Ask Cale Beck, ESQ –
Consider a Restatement – Updating Your Trust
When a client executes an estate plan, the idea is that the plan is perfectly tailored to suit the client’s needs at that moment and for the foreseeable future. However, for better or worse, the only real constant in life (I suppose in addition to death and taxes) is change!
The way your life looked 10 years ago, and the situation that your estate plan was based upon, was likely a lot different than it looks now. This is why almost every trust we create is revocable, to allow our clients the flexibility to amend the trust as life changes. You are not bound to the decisions you made 10 years ago, and if you have not updated your plan in a while it is time to at least take a look.
Sometimes it makes sense to just amend certain parts of your trust – for instance, to change the Trustees of a trust, to add or delete a gift, to indicate a name change, or to change a specific power of the Trustee. However, sometimes it is advisable to amend the trust in its entirety.
This is called a “restatement” of the trust. If you restate a trust, you are not changing the name of the trust or the date that it is established, and you don’t have to retitle or transfer any assets into the trust again.
However, the restatement essentially rewrites the rulebook directing the way that your assets will be managed and distributed.
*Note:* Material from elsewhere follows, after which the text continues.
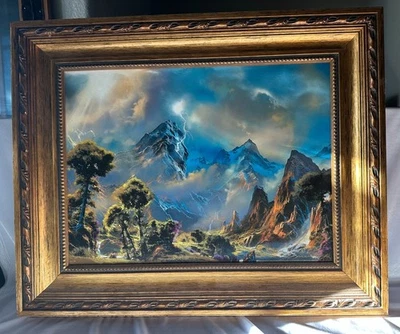 Dale Terbush, "Una temporada de sueños" una edición limitada Gielee sobre lienzo #162 195 Foto 1 de 2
The following are some of the benefits of a restatement that should be considered:
- Clarity of the Estate Plan: If you have several changes to make to the trust agreement, or if you have already executed several partial amendments changing only certain provisions of the larger trust agreement, then you can leave the Trustee and beneficiaries in the position of putting together a puzzle of different documents to determine the full terms of the trust. This leaves the plan more open to challenge if there are any ambiguities between the various amendments. If you are going to be making several changes to the agreement, or if you have already executed several partial amendments, then it may be a good idea to execute a restatement for clarity.
- Privacy: Upon your passing, all beneficiaries and heirs are entitled to receive a copy of the “terms of the trust.” Pursuant to Probate Code §16061.5, if the trust has been restated then the “terms of the trust” includes the restatement and any subsequent partial amendments, but does not include the original trust or any amendment executed before the most recent restatement. If you would prefer that your children and heirs not see prior versions of your trust, this can provide some privacy because the trustee is not obligated to send that information.
- New Law: Our trust documents are frequently modified to keep up with new laws and to include language that we feel may be helpful based on new experience. If it’s been a while since the documents were created, you might consider freshening them up to include current language that might be a benefit to your plan.